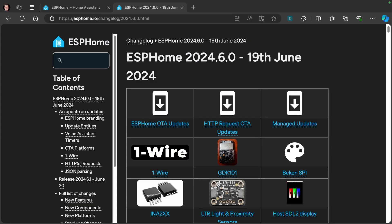Hello. It's Pascal again and I was reading the ESPHome 24.6 changes that were released yesterday and there is a breaking update for all of us.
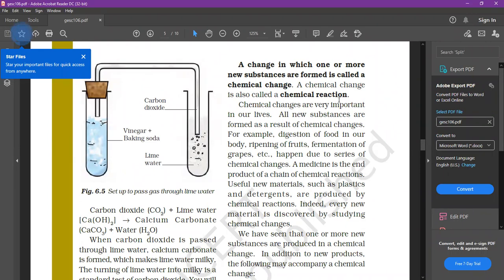What is a chemical reaction? For example: Mg + O → MgO. CO₂ reacts with calcium hydroxide to form calcium carbonate CaCO₃ + H₂O. These are examples of chemical reactions. Chemical changes are very important in our life. All new substances are formed as a result of chemical change.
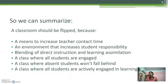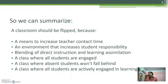Then, this is a perfect blend of direct instruction and learning assimilation. This makes a class where all students are engaged. This is a class where absent students won't fall behind. And finally, all students are actively engaged in learning in this classroom.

Task item - The answer should contain only the lines from the one with "What is a chemical" through the last line of the material, given word for word and without pictures.

Response -
What is a chemical reaction? For example: Mg + O → MgO. CO₂ reacts with calcium hydroxide to form calcium carbonate CaCO₃ + H₂O. These are examples of chemical reactions. Chemical changes are very important in our life. All new substances are formed as a result of chemical change.
Then, this is a perfect blend of direct instruction and learning assimilation. This makes a class where all students are engaged. This is a class where absent students won't fall behind. And finally, all students are actively engaged in learning in this classroom.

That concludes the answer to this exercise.